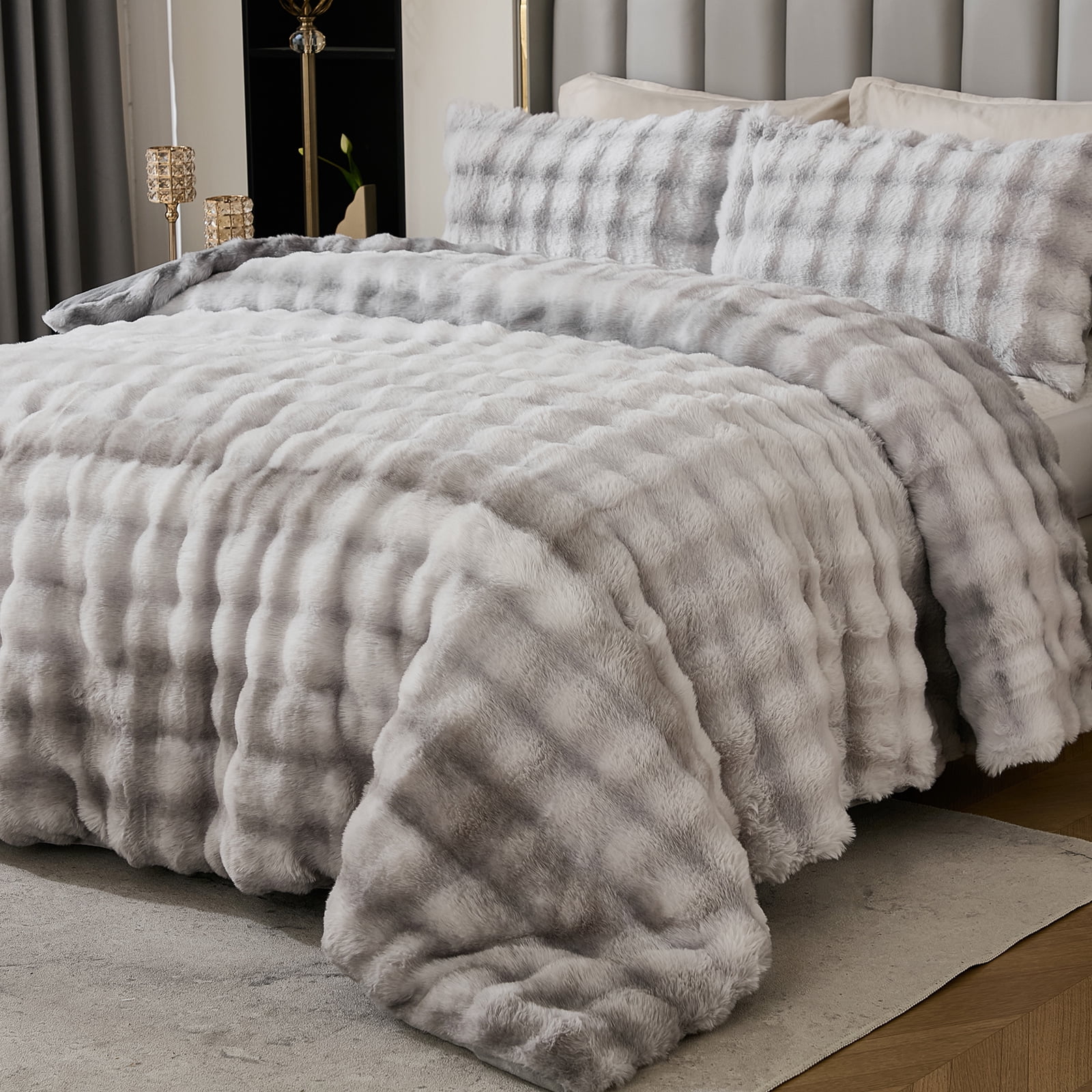 Plush Rabbit Faux Fur Comforter Set Queen/King Size Tie Dyed Fluffy Comforter Bed Set Luxury 3 Pieces Warm Shaggy Winter Comforter Queen Size Soft Bubble Bedding Comforter Set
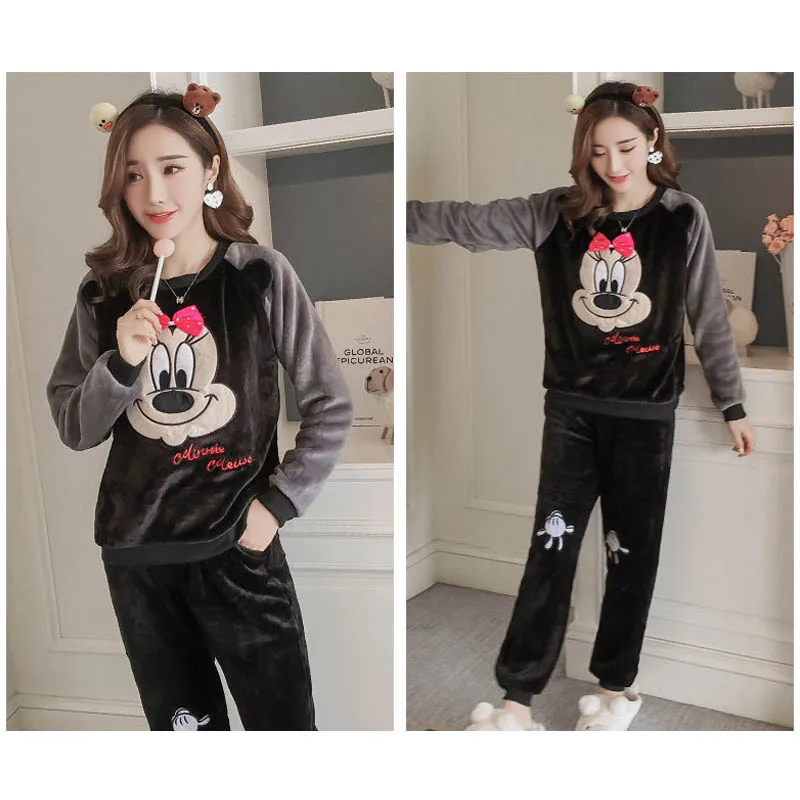 FL059C фланелевые толстые пижамы Para As Mulheres ночное белье Mujer женские Pyama Pijama Feminino Pigiama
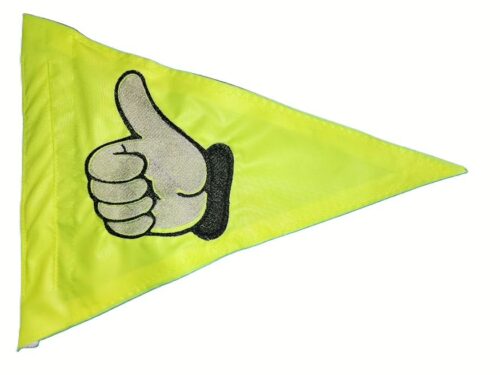 Thumbs up safety flag with dense embroidered white hand and black cuff on lime squeeze nylon pennant with whip sleeve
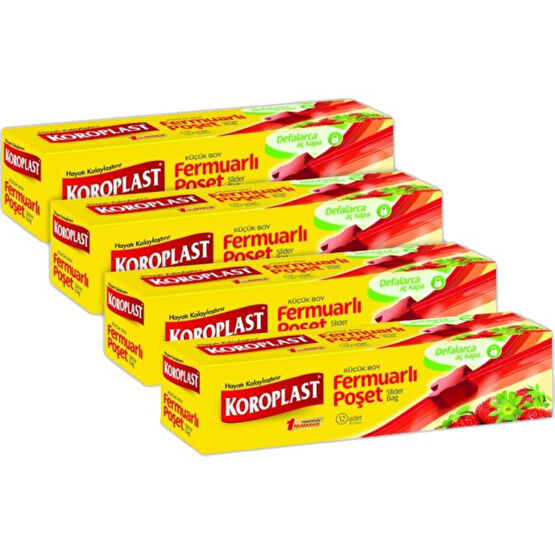 Koroplast Fermuarlı Kilitli Poşet Küçük Boy 20X25 cm 12 Adet - 4'lü Buzdolabı Poşeti Fiyatı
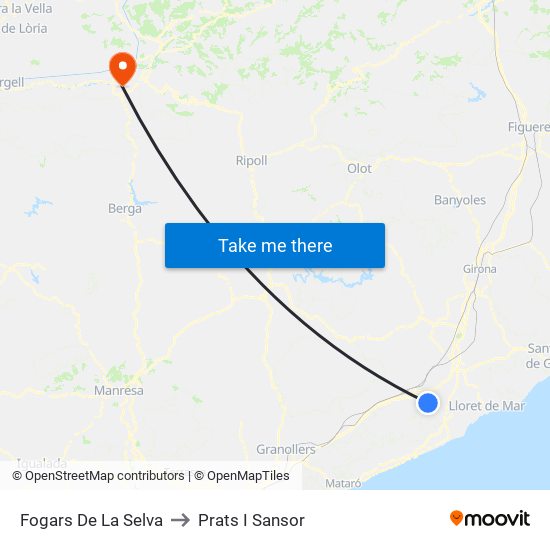 Fogars De La Selva to Prats I Sansor map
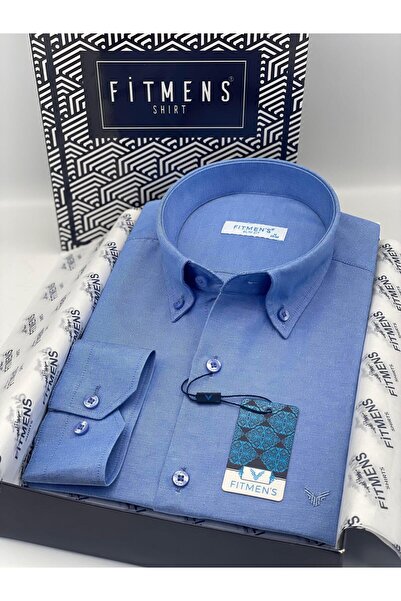 Fitmens قميص رجالي قطني بأكمام طويلة وقصة ضيقة سهل الكي مع علبة هدايا FS-0022...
--*--
> What is expected
Copy exactly the lines from the first line of the records above through the line with "Koroplast Fermuarlı Kilitli", both included, and nothing else. Pictures stay out.

> Your solution
 Plush Rabbit Faux Fur Comforter Set Queen/King Size Tie Dyed Fluffy Comforter Bed Set Luxury 3 Pieces Warm Shaggy Winter Comforter Queen Size Soft Bubble Bedding Comforter Set
 FL059C фланелевые толстые пижамы Para As Mulheres ночное белье Mujer женские Pyama Pijama Feminino Pigiama
 Thumbs up safety flag with dense embroidered white hand and black cuff on lime squeeze nylon pennant with whip sleeve
 Koroplast Fermuarlı Kilitli Poşet Küçük Boy 20X25 cm 12 Adet - 4'lü Buzdolabı Poşeti Fiyatı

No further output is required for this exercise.